▶ WHAT YOU HAVE TO DO:
Repeat exactly the lines from the start of the records below through the line that contains "Grey Textured Kurta - AL-K-953 - Image 3", including both.

(RECORDS PROVIDED Opens)

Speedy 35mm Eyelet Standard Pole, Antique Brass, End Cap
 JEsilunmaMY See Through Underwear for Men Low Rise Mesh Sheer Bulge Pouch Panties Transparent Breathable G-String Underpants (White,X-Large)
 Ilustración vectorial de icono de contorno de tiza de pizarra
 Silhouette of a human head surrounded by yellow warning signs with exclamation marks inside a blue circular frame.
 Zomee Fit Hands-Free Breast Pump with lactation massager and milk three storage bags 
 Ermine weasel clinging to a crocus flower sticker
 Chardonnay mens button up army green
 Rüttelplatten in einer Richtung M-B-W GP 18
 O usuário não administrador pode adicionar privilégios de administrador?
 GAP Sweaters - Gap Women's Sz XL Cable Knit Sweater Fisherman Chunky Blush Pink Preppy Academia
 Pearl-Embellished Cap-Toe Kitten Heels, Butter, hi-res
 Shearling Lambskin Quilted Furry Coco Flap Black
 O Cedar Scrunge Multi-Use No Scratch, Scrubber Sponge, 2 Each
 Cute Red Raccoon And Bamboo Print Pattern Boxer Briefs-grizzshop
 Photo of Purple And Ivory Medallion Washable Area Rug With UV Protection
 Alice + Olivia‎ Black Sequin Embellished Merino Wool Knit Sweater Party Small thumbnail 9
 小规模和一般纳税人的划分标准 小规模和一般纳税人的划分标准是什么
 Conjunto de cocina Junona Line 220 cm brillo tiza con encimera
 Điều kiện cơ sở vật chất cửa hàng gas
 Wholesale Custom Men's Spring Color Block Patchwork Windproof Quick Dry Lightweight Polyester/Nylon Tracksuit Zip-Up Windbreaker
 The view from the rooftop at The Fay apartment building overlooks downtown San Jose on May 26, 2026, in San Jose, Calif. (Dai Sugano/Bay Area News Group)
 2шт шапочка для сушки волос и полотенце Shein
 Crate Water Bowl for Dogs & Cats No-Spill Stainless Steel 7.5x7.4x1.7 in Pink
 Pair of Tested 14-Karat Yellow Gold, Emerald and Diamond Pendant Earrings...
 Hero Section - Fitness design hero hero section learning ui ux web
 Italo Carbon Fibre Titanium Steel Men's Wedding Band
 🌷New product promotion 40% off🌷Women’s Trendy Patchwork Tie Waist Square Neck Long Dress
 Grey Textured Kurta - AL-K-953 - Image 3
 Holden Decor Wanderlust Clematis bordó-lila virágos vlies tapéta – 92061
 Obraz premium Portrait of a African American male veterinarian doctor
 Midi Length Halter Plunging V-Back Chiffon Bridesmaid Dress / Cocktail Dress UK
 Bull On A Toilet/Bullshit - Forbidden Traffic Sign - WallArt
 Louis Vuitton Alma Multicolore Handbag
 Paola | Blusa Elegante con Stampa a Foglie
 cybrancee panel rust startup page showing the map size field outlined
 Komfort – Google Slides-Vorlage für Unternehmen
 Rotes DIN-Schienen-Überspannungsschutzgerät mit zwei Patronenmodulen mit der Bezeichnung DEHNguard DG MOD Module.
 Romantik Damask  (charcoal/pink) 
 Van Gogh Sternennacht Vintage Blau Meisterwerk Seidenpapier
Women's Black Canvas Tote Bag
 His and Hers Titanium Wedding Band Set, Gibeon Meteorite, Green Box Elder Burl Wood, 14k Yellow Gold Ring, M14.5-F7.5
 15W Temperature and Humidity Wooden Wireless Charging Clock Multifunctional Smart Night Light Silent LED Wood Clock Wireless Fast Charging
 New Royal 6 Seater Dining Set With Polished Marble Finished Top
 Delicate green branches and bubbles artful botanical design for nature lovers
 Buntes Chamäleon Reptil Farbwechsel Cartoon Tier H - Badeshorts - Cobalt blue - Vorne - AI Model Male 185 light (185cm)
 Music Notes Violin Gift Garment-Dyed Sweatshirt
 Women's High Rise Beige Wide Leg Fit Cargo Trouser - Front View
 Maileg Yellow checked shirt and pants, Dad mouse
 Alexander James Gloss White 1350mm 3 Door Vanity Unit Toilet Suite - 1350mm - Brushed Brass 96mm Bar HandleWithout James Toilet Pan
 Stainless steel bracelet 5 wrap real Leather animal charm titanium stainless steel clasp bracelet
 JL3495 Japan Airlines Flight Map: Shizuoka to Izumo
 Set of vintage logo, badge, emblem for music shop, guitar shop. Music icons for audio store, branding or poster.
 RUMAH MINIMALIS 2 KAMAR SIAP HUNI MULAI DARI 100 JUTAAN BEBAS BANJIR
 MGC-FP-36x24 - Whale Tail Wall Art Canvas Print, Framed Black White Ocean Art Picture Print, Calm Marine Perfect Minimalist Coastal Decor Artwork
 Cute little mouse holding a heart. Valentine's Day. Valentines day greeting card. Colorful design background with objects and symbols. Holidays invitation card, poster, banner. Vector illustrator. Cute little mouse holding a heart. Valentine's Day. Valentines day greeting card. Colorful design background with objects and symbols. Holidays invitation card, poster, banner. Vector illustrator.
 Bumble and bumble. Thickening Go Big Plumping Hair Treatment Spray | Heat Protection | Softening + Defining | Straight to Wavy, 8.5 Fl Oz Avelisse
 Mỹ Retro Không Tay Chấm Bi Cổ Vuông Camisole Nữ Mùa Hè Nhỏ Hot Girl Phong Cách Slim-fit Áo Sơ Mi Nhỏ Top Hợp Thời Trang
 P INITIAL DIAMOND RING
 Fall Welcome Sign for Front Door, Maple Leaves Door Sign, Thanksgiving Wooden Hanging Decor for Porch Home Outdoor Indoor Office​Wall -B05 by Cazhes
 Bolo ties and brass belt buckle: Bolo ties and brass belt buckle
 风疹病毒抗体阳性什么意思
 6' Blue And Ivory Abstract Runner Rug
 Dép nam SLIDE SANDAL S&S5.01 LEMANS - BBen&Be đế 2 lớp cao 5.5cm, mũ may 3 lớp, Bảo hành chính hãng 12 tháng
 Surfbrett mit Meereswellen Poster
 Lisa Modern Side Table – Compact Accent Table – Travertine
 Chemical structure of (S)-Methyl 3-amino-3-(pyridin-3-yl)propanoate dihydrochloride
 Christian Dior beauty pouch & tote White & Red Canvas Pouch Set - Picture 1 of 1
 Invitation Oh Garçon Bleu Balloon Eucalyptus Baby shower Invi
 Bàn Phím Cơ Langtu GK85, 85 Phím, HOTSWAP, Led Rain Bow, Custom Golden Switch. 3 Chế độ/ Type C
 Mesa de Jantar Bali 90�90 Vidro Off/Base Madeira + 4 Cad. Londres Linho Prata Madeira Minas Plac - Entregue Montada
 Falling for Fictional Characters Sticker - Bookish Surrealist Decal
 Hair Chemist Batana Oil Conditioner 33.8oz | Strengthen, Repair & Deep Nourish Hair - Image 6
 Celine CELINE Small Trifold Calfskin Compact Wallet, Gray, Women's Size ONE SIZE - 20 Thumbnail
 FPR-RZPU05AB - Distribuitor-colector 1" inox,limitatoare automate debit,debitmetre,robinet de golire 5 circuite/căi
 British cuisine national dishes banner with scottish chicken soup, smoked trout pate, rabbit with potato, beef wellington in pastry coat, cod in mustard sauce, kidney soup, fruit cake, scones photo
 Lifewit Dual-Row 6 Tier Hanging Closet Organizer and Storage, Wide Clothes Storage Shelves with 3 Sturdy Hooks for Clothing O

(RECORDS PROVIDED Closes)

▶ ANSWER SPACE:
Speedy 35mm Eyelet Standard Pole, Antique Brass, End Cap
 JEsilunmaMY See Through Underwear for Men Low Rise Mesh Sheer Bulge Pouch Panties Transparent Breathable G-String Underpants (White,X-Large)
 Ilustración vectorial de icono de contorno de tiza de pizarra
 Silhouette of a human head surrounded by yellow warning signs with exclamation marks inside a blue circular frame.
 Zomee Fit Hands-Free Breast Pump with lactation massager and milk three storage bags 
 Ermine weasel clinging to a crocus flower sticker
 Chardonnay mens button up army green
 Rüttelplatten in einer Richtung M-B-W GP 18
 O usuário não administrador pode adicionar privilégios de administrador?
 GAP Sweaters - Gap Women's Sz XL Cable Knit Sweater Fisherman Chunky Blush Pink Preppy Academia
 Pearl-Embellished Cap-Toe Kitten Heels, Butter, hi-res
 Shearling Lambskin Quilted Furry Coco Flap Black
 O Cedar Scrunge Multi-Use No Scratch, Scrubber Sponge, 2 Each
 Cute Red Raccoon And Bamboo Print Pattern Boxer Briefs-grizzshop
 Photo of Purple And Ivory Medallion Washable Area Rug With UV Protection
 Alice + Olivia‎ Black Sequin Embellished Merino Wool Knit Sweater Party Small thumbnail 9
 小规模和一般纳税人的划分标准 小规模和一般纳税人的划分标准是什么
 Conjunto de cocina Junona Line 220 cm brillo tiza con encimera
 Điều kiện cơ sở vật chất cửa hàng gas
 Wholesale Custom Men's Spring Color Block Patchwork Windproof Quick Dry Lightweight Polyester/Nylon Tracksuit Zip-Up Windbreaker
 The view from the rooftop at The Fay apartment building overlooks downtown San Jose on May 26, 2026, in San Jose, Calif. (Dai Sugano/Bay Area News Group)
 2шт шапочка для сушки волос и полотенце Shein
 Crate Water Bowl for Dogs & Cats No-Spill Stainless Steel 7.5x7.4x1.7 in Pink
 Pair of Tested 14-Karat Yellow Gold, Emerald and Diamond Pendant Earrings...
 Hero Section - Fitness design hero hero section learning ui ux web
 Italo Carbon Fibre Titanium Steel Men's Wedding Band
 🌷New product promotion 40% off🌷Women’s Trendy Patchwork Tie Waist Square Neck Long Dress
 Grey Textured Kurta - AL-K-953 - Image 3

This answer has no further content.